OH NO that sounds fatal!!!


----------



## Maze (Feb 12, 2009)

lol oh dear an auction to buy mice!! :lol: 
me an my OH should be going  first mouse show wooo!


----------



## Angelmouse (Oct 3, 2008)

Mouse auction, just as well I'm not going then, hubby would have a fit as I buy on impulse :lol:


----------



## Seawatch Stud (Feb 8, 2009)

Anyone wanting Dove tans trios/quads single mice for this show let me know. Nothing else available at the moment

Sam x


----------



## Maze (Feb 12, 2009)

are the auctions expensive?? how much do they go up to ? :|


----------



## NaomiR (Feb 9, 2009)

more importantly WHEN do they start??? :lol:


----------



## Cait (Oct 3, 2008)

The prices vary depending on the quality of the mice offered (i.e. the better they are the more people are likely to want them), the poularity of the variety and how many people are interested. I have heard of trios going at Enfield for as little as £3 but at Harrogate (a big show) they have gone for over £50. I doubt anything at Enfield would go over £30 a trio though. As for when it starts, it varies but usually mid-afternoon.


----------



## XxFaexX (Oct 2, 2008)

Well i have managed to twist Saskia's arm so ill see you all there


----------



## SarahY (Nov 6, 2008)

I'm going! I'm not showing, but I'm picking up two silver bucks from Heather (thank you!). Can't wait!

See you all there!

Sarah xxx


----------



## Halcyon (Mar 30, 2009)

The mouse show is at 11 and the rats at 1pm, so I will get there around midday I reckon (even though I don't think that there is going to be any rat show due to the SDAV outbreak), will be nice to see loads of people at our little Enfield Show 

Lisa


----------



## NaomiR (Feb 9, 2009)

is this the same show that's on the first week of every month??


----------



## ian (Oct 3, 2008)

Yes but the other months are members of the LSCMRC only whereas this is open to NMC members also. If I like it I might join the LSMRC because it is reasonably close to em and I get annoyed at having a good rump white but due to bad timing and geography not being able to show it...although if I do join I probably wont ever get a decent rump white again.


----------



## NaomiR (Feb 9, 2009)

ian said:


> ...although if I do join I probably wont ever get a decent rump white again.

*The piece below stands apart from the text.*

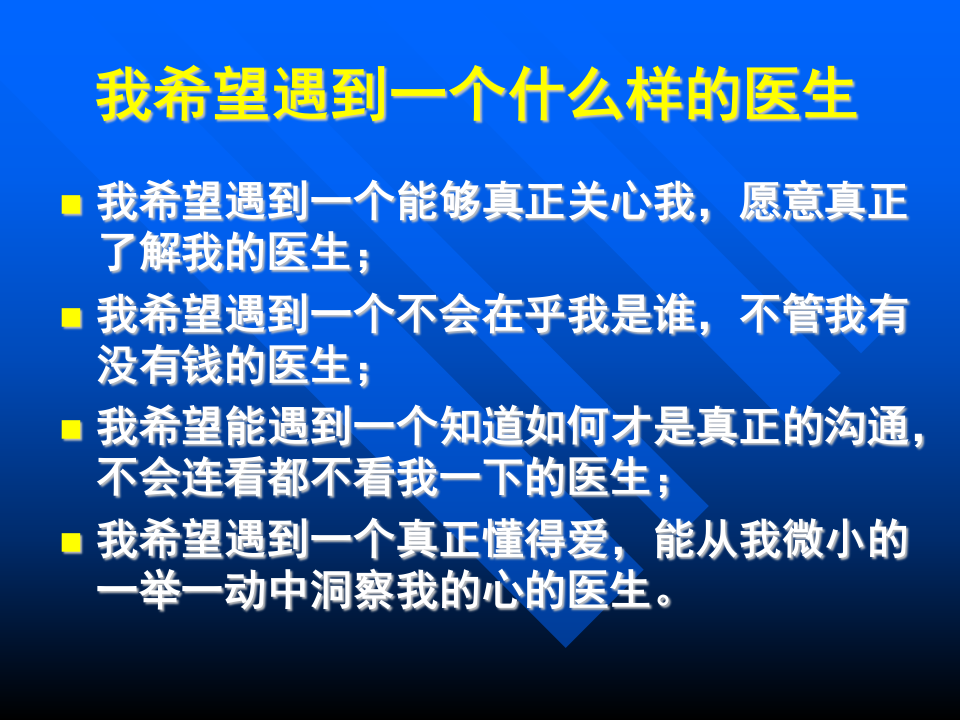 05医患关系.ppt 第4页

It's called sods law :lol:


----------



## Loganberry (Oct 24, 2008)

SarahY said:


> I'm going! I'm not showing, but I'm picking up two silver bucks from Heather (thank you!). Can't wait!
> 
> See you all there!
> 
> Sarah xxx


No problem!!


----------



## daisy (Oct 4, 2008)

anyone got a postcode?


----------



## SarahC (Oct 3, 2008)

en2 0qa


----------



## XxFaexX (Oct 2, 2008)

Any new people ( i havent met before going) come and say hi...u cant miss my bump lol

See you all tomorrow!


----------



## NaomiR (Feb 9, 2009)

lol who will be first to "spot that bump" :lol: :lol: :lol:


----------



## Cait (Oct 3, 2008)

Did everyone have a good time? Well done Sarah on BIS with the now famous fawn satin  I was also surprised but pleased to get BOA in show with a cream satin. I am not sure who won anything else though as I didn't go (Sarah took mice down for me) - anyone know? And if anyone showed, how did you do?


----------



## SarahY (Nov 6, 2008)

Well done you two! :gwavebw

I picked up my very hunky new man as well as two beautiful dark silver does, thanks so much Heather!

Sarah xxx


----------



## ian (Oct 3, 2008)

I had a great time, the people at the LCRMC were all very friendly seemed very happy to see new faces and to have some more competition.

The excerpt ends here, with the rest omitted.